Britain raised its terrorism alert yesterday to the second-highest level with Prime Minister David Cameron saying the Islamic State (Isis) group operating in Syria and Iraq posed the country's greatest-ever security risk.
The UK government said there was no evidence an attack was imminent but the assessment of the latest intelligence by security chiefs justified elevating the international threat level to "severe", meaning a strike was "highly likely".
"What we're facing in Iraq now is a greater and deeper threat to our security than we have known before," said Mr Cameron, adding he was "absolutely satisfied that Isis ...would make specific threats to the UK".
It is the first time since mid-2011 that Britain has been placed on this grade of alert by the Joint Terrorism Analysis Centre (JTAC), the independent body responsible for setting the national threat level.
The national threat level was first published in 2006, just over a year after four British Islamists carried out suicide bombings on London's transport network, killing 52 people.
Police chiefs said raising the level to severe would mean a rise in the level of visible patrols, along with other security and protection measures.

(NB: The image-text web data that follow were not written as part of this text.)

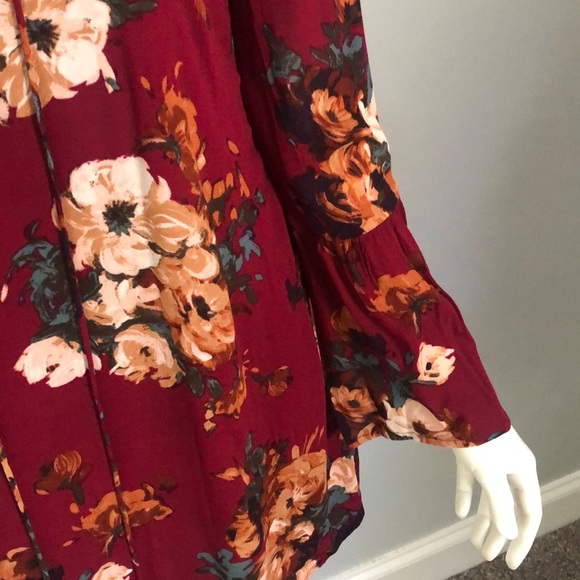 Blu Pepper Bell Sleeve Shift Dress Lace Up Front - Picture 4 of 6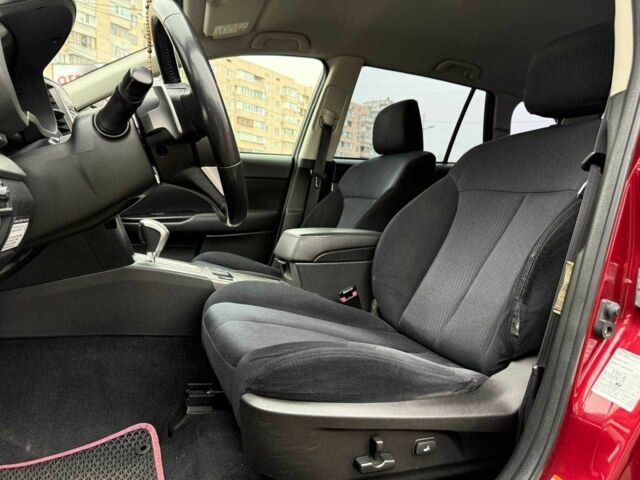 Красный Субару Аутбек, объемом двигателя 0 л и пробегом 195 тыс. км за 8490 $, фото 8 на Automoto.ua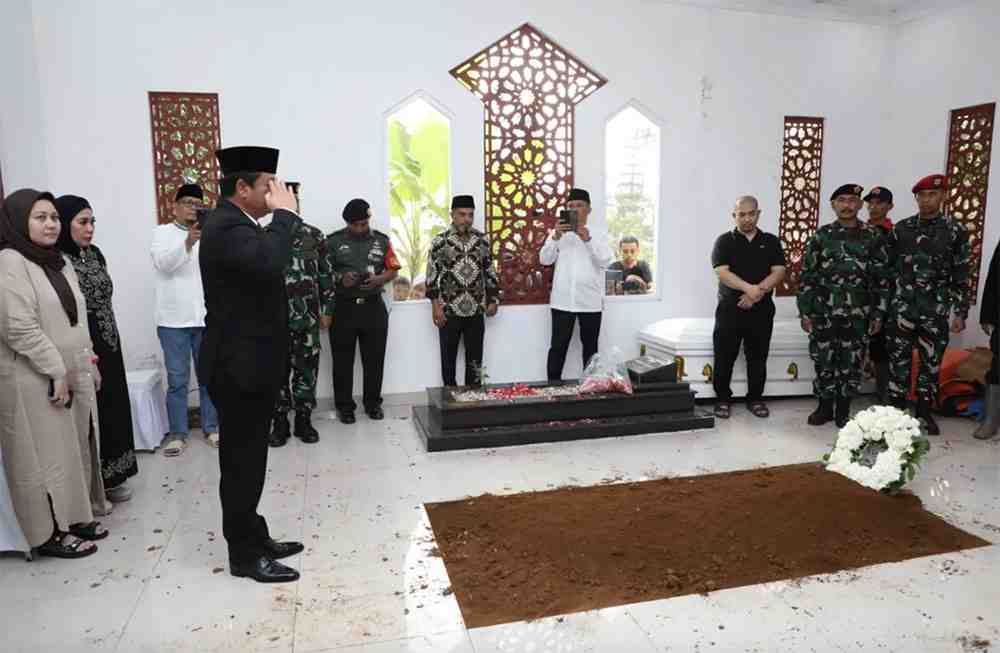 Negara Berduka, Menko Polhukam Pimpin Upacara Pemakaman Hamzah Haz di Bogor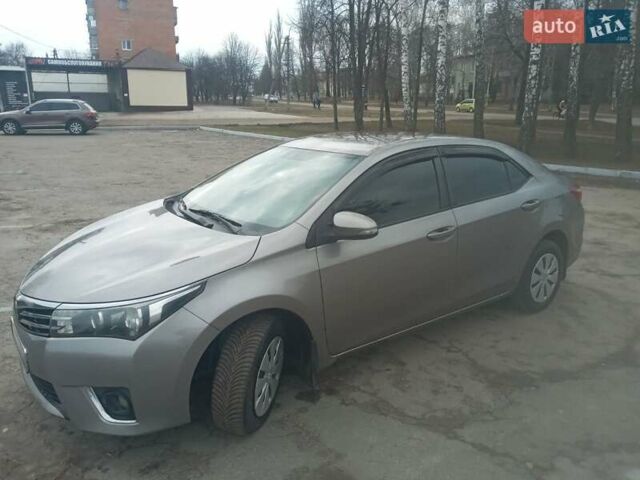 Бежевый Тойота Королла, объемом двигателя 1.3 л и пробегом 180 тыс. км за 9500 $, фото 2 на Automoto.ua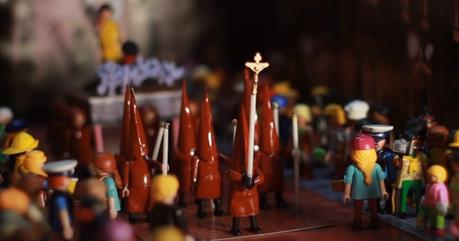 Vídeo: Recrean la Procesión del Silencio de SLP con figuras de Playmobil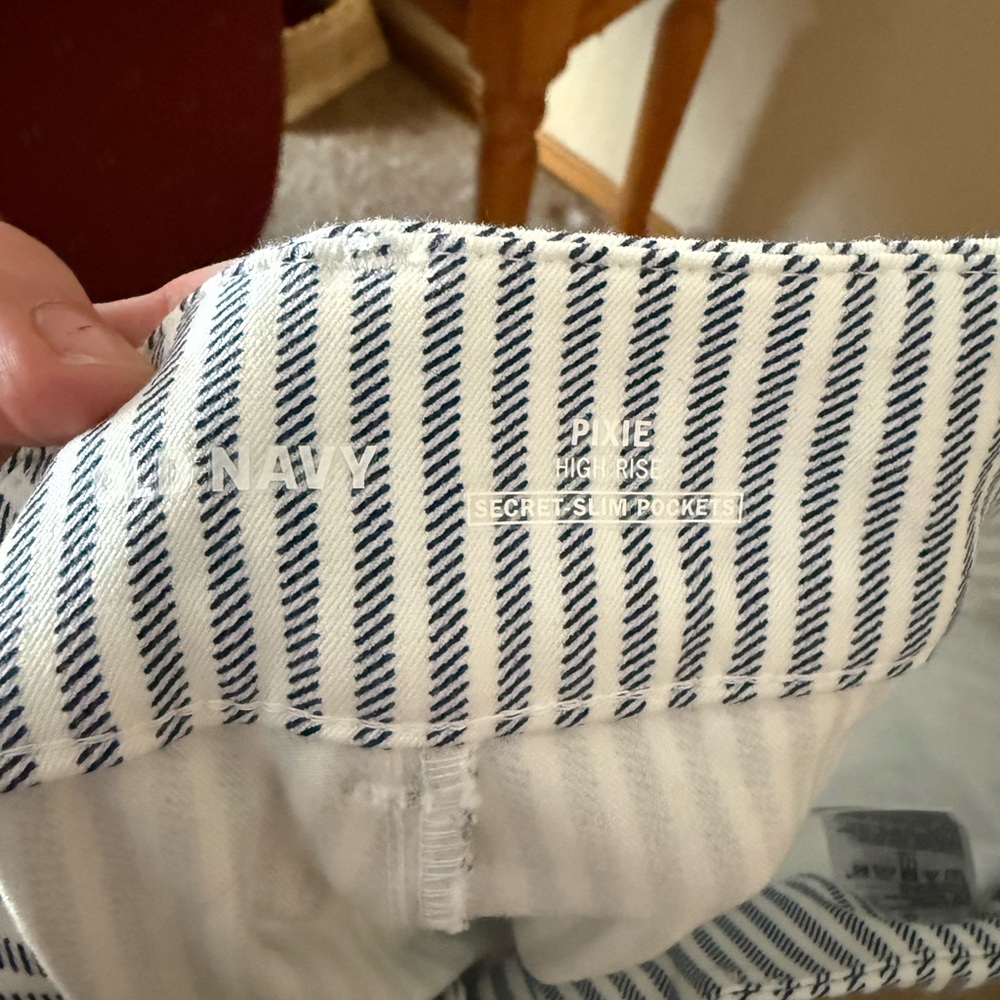 Pants - Picture 3 of 4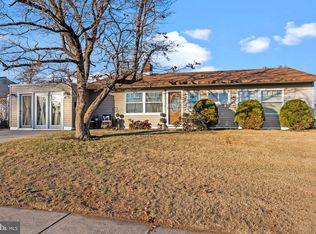 28 Briaroot Ln, Levittown, PA 19054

White House spokesman John Earnest said: "This is a threat that the United States has been focused on. We've been co-ordinating closely (with Britain and) our other allies in Europe about countering this threat."
Mr Cameron said at a news conference in London yesterday that he will introduce new laws to target terror suspects, pledging to seize passports to fight what he described as an extremist threat more dangerous than any previously seen.
He said the Islamic State group is "effectively a state run by terrorists".
Mr Cameron added: "We could be facing a terrorist state on the shores of the Mediterranean and bordering a NATO member."
The British move comes less than two weeks after a video released by Isis showed the beheading of US journalist James Foley, by a masked militant apparently speaking English with a London accent.